■ Items from a data source:
┄┄┄┄┄┄

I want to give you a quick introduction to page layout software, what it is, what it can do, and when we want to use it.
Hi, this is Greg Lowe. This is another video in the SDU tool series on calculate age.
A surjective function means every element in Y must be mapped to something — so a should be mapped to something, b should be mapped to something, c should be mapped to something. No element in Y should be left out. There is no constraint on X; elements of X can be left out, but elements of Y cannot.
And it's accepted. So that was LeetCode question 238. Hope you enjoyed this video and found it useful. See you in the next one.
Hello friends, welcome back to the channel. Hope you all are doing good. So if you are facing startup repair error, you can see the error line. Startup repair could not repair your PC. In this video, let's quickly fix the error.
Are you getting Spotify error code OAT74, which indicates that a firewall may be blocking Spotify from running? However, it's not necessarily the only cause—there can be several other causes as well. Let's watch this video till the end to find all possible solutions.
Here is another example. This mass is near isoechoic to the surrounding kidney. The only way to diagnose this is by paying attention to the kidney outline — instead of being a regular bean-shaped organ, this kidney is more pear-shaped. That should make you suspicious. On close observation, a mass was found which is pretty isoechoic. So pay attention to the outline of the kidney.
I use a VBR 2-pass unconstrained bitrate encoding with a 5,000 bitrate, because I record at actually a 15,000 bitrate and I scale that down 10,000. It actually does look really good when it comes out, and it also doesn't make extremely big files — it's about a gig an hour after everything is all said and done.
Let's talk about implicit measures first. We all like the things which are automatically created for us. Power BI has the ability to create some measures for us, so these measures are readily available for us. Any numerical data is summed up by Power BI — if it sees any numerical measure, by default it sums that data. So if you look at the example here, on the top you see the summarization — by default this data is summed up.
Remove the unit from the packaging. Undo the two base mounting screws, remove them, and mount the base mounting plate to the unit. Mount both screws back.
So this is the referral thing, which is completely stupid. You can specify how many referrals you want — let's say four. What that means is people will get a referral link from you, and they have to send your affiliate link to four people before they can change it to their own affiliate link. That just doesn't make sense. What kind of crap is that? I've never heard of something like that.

┄┄┄┄┄┄

■ What is needed:
All the lines above need to be retyped exactly, with nothing left out.

■ Result for this task:
I want to give you a quick introduction to page layout software, what it is, what it can do, and when we want to use it.
Hi, this is Greg Lowe. This is another video in the SDU tool series on calculate age.
A surjective function means every element in Y must be mapped to something — so a should be mapped to something, b should be mapped to something, c should be mapped to something. No element in Y should be left out. There is no constraint on X; elements of X can be left out, but elements of Y cannot.
And it's accepted. So that was LeetCode question 238. Hope you enjoyed this video and found it useful. See you in the next one.
Hello friends, welcome back to the channel. Hope you all are doing good. So if you are facing startup repair error, you can see the error line. Startup repair could not repair your PC. In this video, let's quickly fix the error.
Are you getting Spotify error code OAT74, which indicates that a firewall may be blocking Spotify from running? However, it's not necessarily the only cause—there can be several other causes as well. Let's watch this video till the end to find all possible solutions.
Here is another example. This mass is near isoechoic to the surrounding kidney. The only way to diagnose this is by paying attention to the kidney outline — instead of being a regular bean-shaped organ, this kidney is more pear-shaped. That should make you suspicious. On close observation, a mass was found which is pretty isoechoic. So pay attention to the outline of the kidney.
I use a VBR 2-pass unconstrained bitrate encoding with a 5,000 bitrate, because I record at actually a 15,000 bitrate and I scale that down 10,000. It actually does look really good when it comes out, and it also doesn't make extremely big files — it's about a gig an hour after everything is all said and done.
Let's talk about implicit measures first. We all like the things which are automatically created for us. Power BI has the ability to create some measures for us, so these measures are readily available for us. Any numerical data is summed up by Power BI — if it sees any numerical measure, by default it sums that data. So if you look at the example here, on the top you see the summarization — by default this data is summed up.
Remove the unit from the packaging. Undo the two base mounting screws, remove them, and mount the base mounting plate to the unit. Mount both screws back.
So this is the referral thing, which is completely stupid. You can specify how many referrals you want — let's say four. What that means is people will get a referral link from you, and they have to send your affiliate link to four people before they can change it to their own affiliate link. That just doesn't make sense. What kind of crap is that? I've never heard of something like that.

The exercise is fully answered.